Appendix A

Under the Yugoslav Constitution of 1974, Kosovo was an “autonomous province” of the Republic of Serbia. This status gave it a constitutional position nearly equivalent to that of the Yugoslav Republics (Serbia, Croatia, Slovenia, Montenegro, Bosnia, and Macedonia). It had its own assembly, a legal system distinct from that of Serbia, and was entitled to be represented directly in federal Yugoslav institutions. Beginning in 1989, Slobodan Milosevic, after he gained control of the Serbian Communist Party and state institutions, disbanded the Kosovo Assembly, abrogated other legal arrangements that protected Kosovo’s autonomy, and caused ethnic Albanians of the professional classes, including most Albanian government officials, to be expelled from their jobs. He caused control of socially owned and publicly owned enterprises in Kosovo (the Yugoslav mechanism for organizing economic production) to be removed from Albanian interests and transferred to Serbs or foreigners friendly to him.

Kosovar Albanians responded by declaring independence in 1990 and organizing a “parallel system” with their own schools, businesses, and political institutions. The goal of this parallel system was to achieve practical independence and statehood through passive resistance.

In 1996, after the Dayton Accords settled the wars over Bosnia’s and Croatia’s secession from Yugoslavia, but did not make any mention of Kosovo, Kosovar Albanian frustrations with the status quo boiled over. A guerilla resistance which came to be known in English as the Kosovo Liberation Army (“KLA”) began attacking Serb police and military facilities in Kosovo in response to continued Serb repression of the Albanian population.

Serb forces began an escalating campaign of ethnic cleansing, which at its high point expelled on the order of 800,000 Kosovar Albanians from their homes into neighboring countries. The ethnic cleansing campaign was accompanied by acts of mass violence against Kosovar Albanians and their families by Serb paramilitary, police, and military forces, intending to induce terror in the population.

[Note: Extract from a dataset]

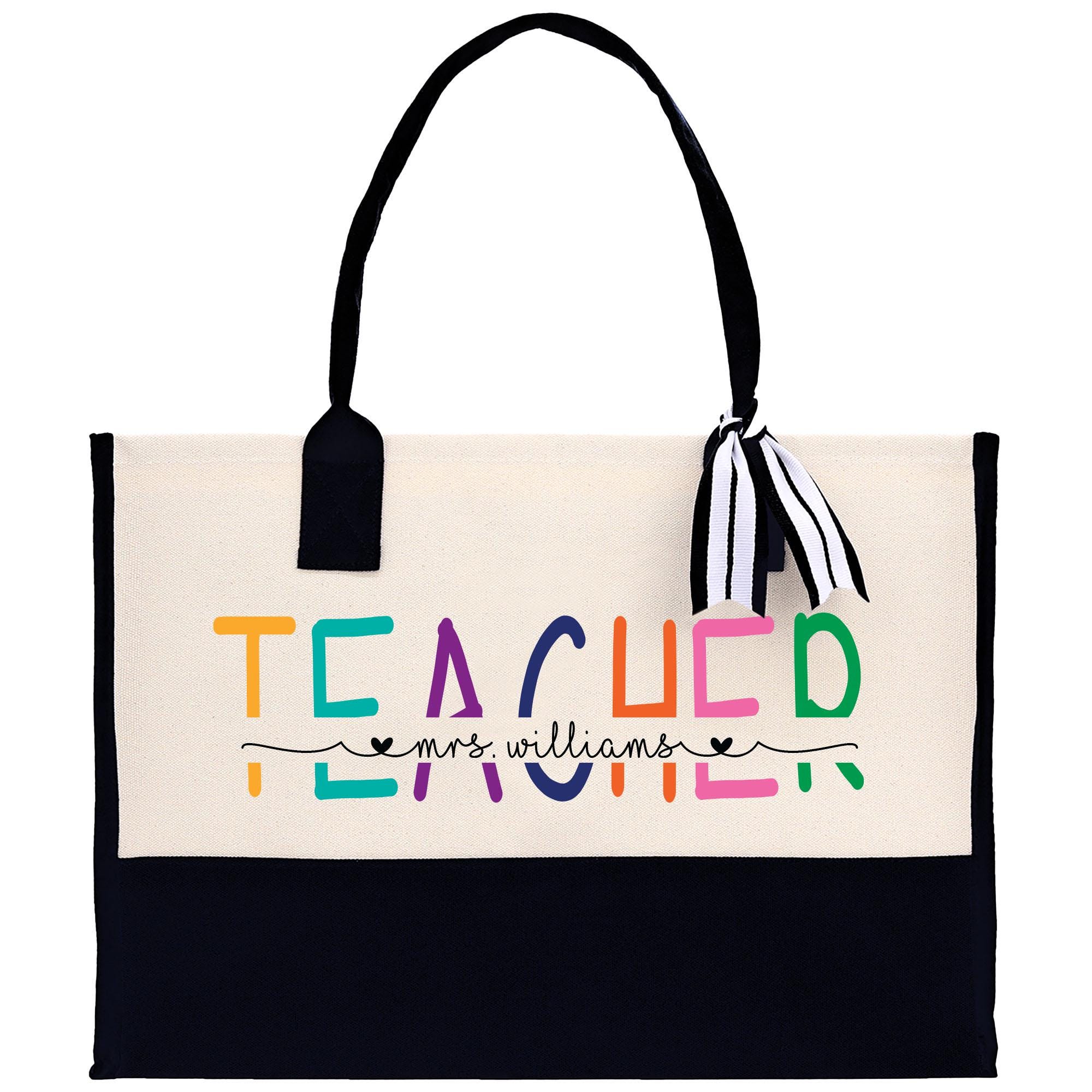 a white bag with a black handle and a teacher written on it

After a number of diplomatic efforts were unsuccessful in stabilizing the situation in Kosovo, NATO began a 78 day bombing campaign aimed at ending ethnic cleansing and protecting human rights in Kosovo. The campaign ended on June 10, 1999, with the withdrawal of Serb forces and negotiations involving the “Contact Group” (the United States, Great Britain, Russia, Germany, and France) in which Serbia, by then linked with Montenegro and known as “The Federal Republic of Yugoslavia” participated. This negotiated agreement was embodied in U.N. Security Council Resolution 1244, which mandated the establishment of a civil administration in Kosovo under the control of a “Special Representative” of the Secretary General of the U.N. The resolution also authorized a security presence comprising NATO forces, augmented by a contingent from Russia.

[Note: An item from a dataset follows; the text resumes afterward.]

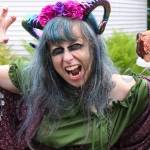 Jasz Garrett / Juneau Empire
Kaylie Simpson poses with a turkey leg from Vs Cellar Door at the Masters Faire on Saturday.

The Security Council Resolution acknowledged in its preamble the sovereignty of the Federal Republic of Yugoslavia, while giving the civil administration (now known as “United Nations Interim Mission in Kosovo” or “UNMIK”) plenary powers to govern the territory of Kosovo. The Resolution also mandated the transfer of these powers to local Kosovar institutions as they were developed under international tutelage and were capable of exercising them. The Resolution mandated, without setting a deadline, a determination of “final status” for Kosovo through a process influenced by the Rambouillet Accords. The Rambouillet Accords were elements of an agreement negotiated in Rambouillet, France before the NATO bombing campaign among representatives of the Federal Republic of Yugoslavia and Kosovar Albanians in talks brokered by the “Contact Group.”. The Kosovar Albanians signed the accords but FRY refused. The Accords explicitly provided a mechanism for determining the will of the Kosovar people with respect to final status three years after the effective date of the Accords.

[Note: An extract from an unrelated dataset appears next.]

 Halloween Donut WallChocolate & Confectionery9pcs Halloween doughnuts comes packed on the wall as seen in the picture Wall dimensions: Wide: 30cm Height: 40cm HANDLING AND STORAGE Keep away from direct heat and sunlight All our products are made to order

UNMIK has taken a position in its “Standards before Status” doctrine that certain standards relating to human rights protection, maturation of local political institutions, and return of Kosovar Serbs who fled after the bombing campaign, must be met before final status can be determined. UNMIK has allowed, however, commencement of discussions over certain “technical issues.” These technical discussion were delayed by the assassination of the Serb Prime Minister in early 2003 and then by political conflict within the Kosovar Assembly over the structure of the discussions. Initial technical-discussion meetings were held in mid October, 2003 in Vienna.

Up to this point, Serbia’s official position has been then Kosovo remains a part of the state of Serbia, and must be subject to Serbia’s continued sovereignty in the future. The Kosovar Albanians have consistently taken the position that no status other than formal independence is acceptable. Neighboring countries of Albania and Macedonia have expressed flexibility with respect to the outcome of final status negotiations. Experts and policymakers from the international and NGO communities have discussed a variety of intermediate positions, including some sort of regional confederation of which Kosovo would be a part, and some sort of land swap or partition arrangement which would let certain parts of today’s Kosovo be an independent state and other parts be integrated into Serbia.